From a URL to an event stream
Point it at a URL
Give Hypeline any source you care about: an RSS, Atom or JSON feed, a plain web page with no feed at all, or a live push source. Any language, any region.
It detects and extracts
Hypeline auto-detects the format, fetches politely, and pulls the real content out of the page, dropping boilerplate, navigation and template noise.
It keeps only real changes
Each source is fingerprinted and deduplicated, so you get genuinely new content as discrete events instead of the same item twice or a diff full of timestamp churn.
You consume events
Read the stream over Server-Sent Events, catch up or backfill with a cursor, or receive HMAC-signed webhooks. The event schema is stable and versioned.
Everything you would build yourself, already built
| What you need | Rolling your own | With Hypeline |
|---|---|---|
| Handle any source format | A parser per feed type, plus a scraper for pages with no feed | One endpoint, format auto-detected |
| Extract the real content | Custom boilerplate removal per site | Built-in content extraction |
| Detect genuine changes | Your own diffing and dedup, tuned to avoid noise | Fingerprinted, deduplicated for you |
| Deliver in real time | Build and operate SSE, webhooks and retries | SSE, cursor and signed webhooks out of the box |
| Stay polite and safe | robots.txt, backoff, SSRF protection | Handled at the fetch layer |
Frequently asked questions
What kinds of websites can I turn into an API?
Any public source you point Hypeline at, in any language or region.
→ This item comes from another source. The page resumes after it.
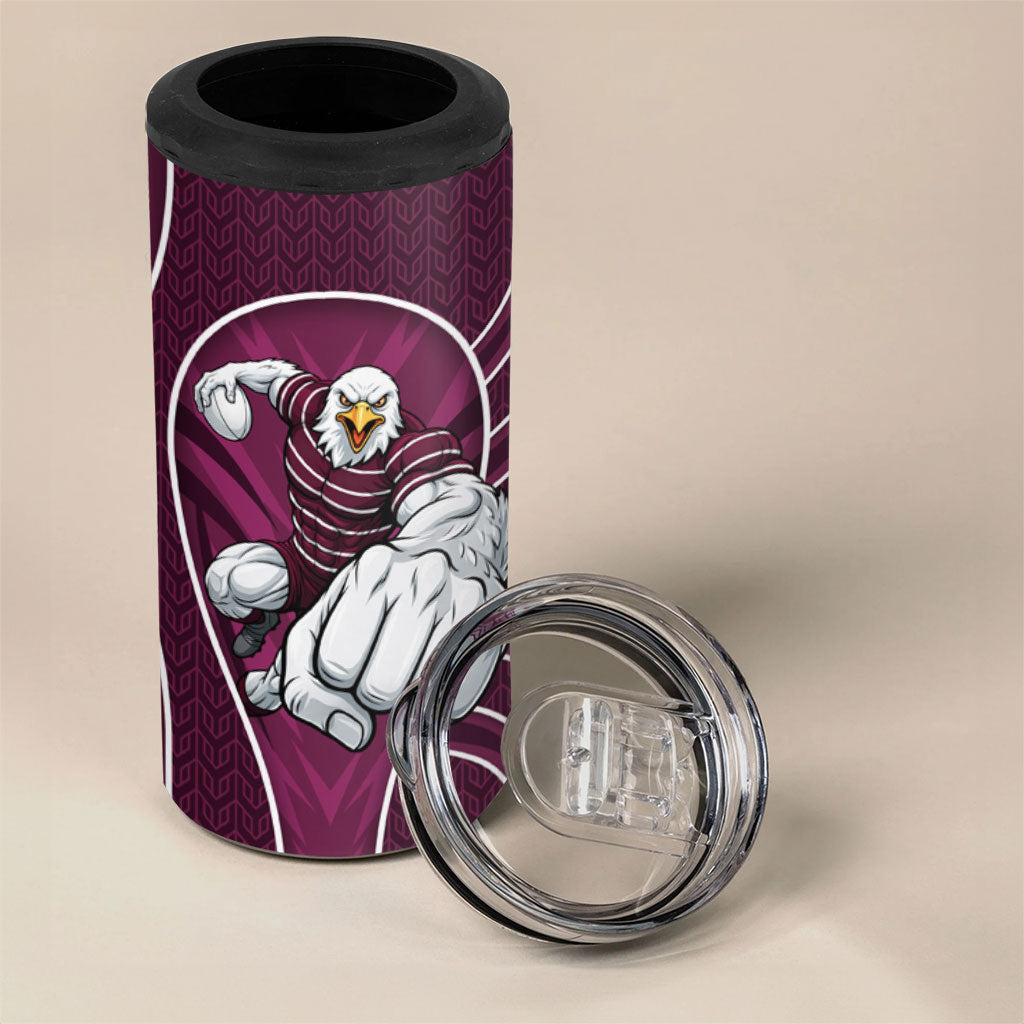 Manly Warringah Sea Eagles Rugby Mascot 4 in 1 Can Cooler Tumbler Australian Rugby Culture - Tribal Inspired Eagle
It handles RSS, Atom and JSON feeds, web pages that it watches for real changes, and live push sources. It ingests only free, open, public content.
Do I need the site to have an RSS feed?
No. If a feed exists Hypeline uses it, but plain web pages work too: it fetches the page, rendering it in a real browser when the page needs one to load, extracts the main content, and detects genuinely new material by comparing fingerprints over time.
How do I receive the data?
Over plain HTTPS. Subscribe with Server-Sent Events for a live feed, catch up or backfill with a cursor, and receive HMAC-signed webhooks for server-to-server delivery. Every event follows one stable, versioned schema.
Is it polite to the sites it watches?
Yes. Fetching respects robots.txt, rate limits and conditional requests, with adaptive per-source scheduling so hot sources are checked often and quiet ones back off.